# About this task
From the entries below, copy exactly the lines from the one that contains "Joie Muze™ lx" through the one that contains "Miniatura 5 de", both included, and only those.

# Excerpted records
_ _ _

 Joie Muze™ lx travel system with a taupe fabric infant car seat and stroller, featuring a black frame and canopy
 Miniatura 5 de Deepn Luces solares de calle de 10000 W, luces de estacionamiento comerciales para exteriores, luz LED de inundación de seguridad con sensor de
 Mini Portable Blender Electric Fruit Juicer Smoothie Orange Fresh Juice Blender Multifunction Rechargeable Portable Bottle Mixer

_ _ _

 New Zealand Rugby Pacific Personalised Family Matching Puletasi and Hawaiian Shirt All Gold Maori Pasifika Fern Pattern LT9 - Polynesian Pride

_ _ _

# Written response
 Joie Muze™ lx travel system with a taupe fabric infant car seat and stroller, featuring a black frame and canopy
 Miniatura 5 de Deepn Luces solares de calle de 10000 W, luces de estacionamiento comerciales para exteriores, luz LED de inundación de seguridad con sensor de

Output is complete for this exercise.